Mochten de keizer of HHM het verdrag schenden, dan
moeten die van Hamburg zich verbinden met de andere partij om zich daar samen
tegen te verzetten en al het nodige te doen om het verdrag te handhaven.
Men
zou resident Aissma ook kunnen machtigen om op weg
naar Hamburg een soortgelijk verdrag te sluiten met die van
Bremen over het handhaven van de vrije handel op
de
Wezer, wellicht met hulp van die van Hamburg.
De resident zou die van Bremen en die van Hamburg er daarnaast toe moeten brengen dat zij beloven dat noch vanaf de Elbe, noch vanaf de Wezer enige vijandelijkheden zullen gepleegd worden.

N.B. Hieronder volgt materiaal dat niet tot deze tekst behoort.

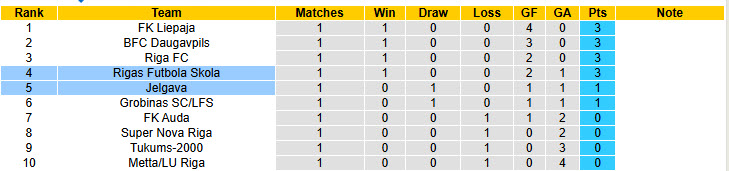 Nhận định, soi kèo Rigas Futbola Skola vs Jelgava, 00h00 ngày 12/3: Sớm bứt tốc - Ảnh 5
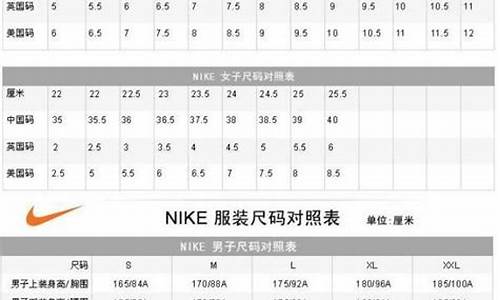 耐克篮球鞋尺码对照表_耐克篮球鞋尺码对照表图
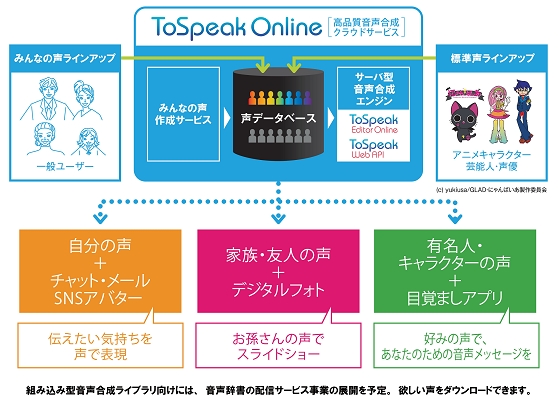 ToSpeak Onlineのサービスイメージ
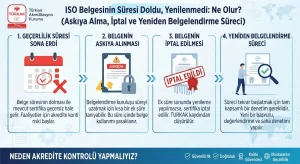 ISO Belgesinin Süresi Doldu, Yenilenmedi: Ne Olur?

Als hij er echter niet in zou slagen dit laatste punt te bewerkstelligen of een verdrag met die van Bremen te sluiten, moet hij er naar blijven streven een verdrag met die van Hamburg te sluiten op de genoemde voorwaarden.
Alle provincies gaan hiermee akkoord, behalve
Friesland en
Groningen. Zij voeren aan dat
resident Aissma hen eerst over de situatie moet
inlichten, alvorens
op aggreatie een verdrag te sluiten.
Dezelfde gedeputeerden brengen verslag uit van hun onderzoek en hun gesprek met Z.Exc. over de memorie die op 22 jan. door resident Aissma aan HHM uiteengezet is.
Het eerste punt van deze memorie had betrekking op de vrije scheepvaart en handel op de
Oostzee en de
Noordzee. De
hertog van
Friedland heeft deze onlangs aan de
Hanzesteden voorgesteld, op voorwaarde dat de
steden met een
garnizoen van het keizerlijk leger daar evenveel van mogen
genieten als andere steden of landen.
Resident Aissma mag verklaren dat HHM zich tegenover de
keizers van het Duitse Rijk altijd neutraal hebben opgesteld en dat
zij
voornemens zijn deze neutraliteit tegenover de huidige
keizer te handhaven, ook ten
opzichte van de steden en landen met een keizerlijk garnizoen, zo
lang als de
keizer zelf dat ook doet.
Het tweede punt betrof de bijstand van HHM waar de in een defensief verbond verenigde Hanzesteden op hopen, aangezien zij zich niet met een openlijke alliantie met de Republiek durven inlaten.
Resident Aissma mag hun wat dat betreft hoop geven en laten weten dat,
mochten zij iets bestendigs voornemen of aangevallen worden, HHM
hen
dan zullen helpen indien de omstandigheden het toelaten.
25/01/1629, 1
1
Deze resolutie is
door een klerk ingeschreven in S.G. 3906.